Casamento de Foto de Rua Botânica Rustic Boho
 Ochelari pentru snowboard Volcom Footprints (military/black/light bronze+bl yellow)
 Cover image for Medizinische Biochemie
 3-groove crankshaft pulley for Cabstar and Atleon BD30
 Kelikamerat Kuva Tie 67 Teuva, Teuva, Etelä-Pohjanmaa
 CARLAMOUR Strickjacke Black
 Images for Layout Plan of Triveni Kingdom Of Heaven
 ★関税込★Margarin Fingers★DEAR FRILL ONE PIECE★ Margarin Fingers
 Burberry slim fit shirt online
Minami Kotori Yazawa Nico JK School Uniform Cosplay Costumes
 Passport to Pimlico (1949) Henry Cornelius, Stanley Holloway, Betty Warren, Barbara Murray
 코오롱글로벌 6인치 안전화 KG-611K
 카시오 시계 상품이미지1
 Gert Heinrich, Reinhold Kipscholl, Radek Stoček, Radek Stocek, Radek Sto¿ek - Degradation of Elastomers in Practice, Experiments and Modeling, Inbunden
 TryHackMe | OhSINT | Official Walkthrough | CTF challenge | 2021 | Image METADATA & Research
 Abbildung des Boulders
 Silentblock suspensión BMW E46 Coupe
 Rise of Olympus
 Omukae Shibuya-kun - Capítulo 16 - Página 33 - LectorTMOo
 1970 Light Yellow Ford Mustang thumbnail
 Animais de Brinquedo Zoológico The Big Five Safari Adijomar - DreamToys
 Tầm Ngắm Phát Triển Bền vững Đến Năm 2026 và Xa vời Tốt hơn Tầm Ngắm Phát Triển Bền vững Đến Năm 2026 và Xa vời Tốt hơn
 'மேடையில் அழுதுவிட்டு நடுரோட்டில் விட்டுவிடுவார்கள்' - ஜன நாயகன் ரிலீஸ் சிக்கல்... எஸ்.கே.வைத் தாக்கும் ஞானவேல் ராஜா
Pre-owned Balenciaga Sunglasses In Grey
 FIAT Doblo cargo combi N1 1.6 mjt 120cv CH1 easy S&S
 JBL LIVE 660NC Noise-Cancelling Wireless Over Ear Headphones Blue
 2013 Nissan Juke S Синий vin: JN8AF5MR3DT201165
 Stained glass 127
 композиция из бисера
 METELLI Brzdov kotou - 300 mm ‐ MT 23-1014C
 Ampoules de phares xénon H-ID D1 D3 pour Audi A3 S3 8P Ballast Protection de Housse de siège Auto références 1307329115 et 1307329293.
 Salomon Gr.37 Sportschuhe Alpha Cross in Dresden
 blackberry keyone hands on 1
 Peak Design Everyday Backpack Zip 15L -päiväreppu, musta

§

• _WORK INSTRUCTION_: Taking the entries above, write out exactly each line from the one holding "3-groove crankshaft pulley" to the one holding "Animais de Brinquedo", both included, and stop there.

• _RESULT OF THIS EXERCISE_:
 3-groove crankshaft pulley for Cabstar and Atleon BD30
 Kelikamerat Kuva Tie 67 Teuva, Teuva, Etelä-Pohjanmaa
 CARLAMOUR Strickjacke Black
 Images for Layout Plan of Triveni Kingdom Of Heaven
 ★関税込★Margarin Fingers★DEAR FRILL ONE PIECE★ Margarin Fingers
 Burberry slim fit shirt online
Minami Kotori Yazawa Nico JK School Uniform Cosplay Costumes
 Passport to Pimlico (1949) Henry Cornelius, Stanley Holloway, Betty Warren, Barbara Murray
 코오롱글로벌 6인치 안전화 KG-611K
 카시오 시계 상품이미지1
 Gert Heinrich, Reinhold Kipscholl, Radek Stoček, Radek Stocek, Radek Sto¿ek - Degradation of Elastomers in Practice, Experiments and Modeling, Inbunden
 TryHackMe | OhSINT | Official Walkthrough | CTF challenge | 2021 | Image METADATA & Research
 Abbildung des Boulders
 Silentblock suspensión BMW E46 Coupe
 Rise of Olympus
 Omukae Shibuya-kun - Capítulo 16 - Página 33 - LectorTMOo
 1970 Light Yellow Ford Mustang thumbnail
 Animais de Brinquedo Zoológico The Big Five Safari Adijomar - DreamToys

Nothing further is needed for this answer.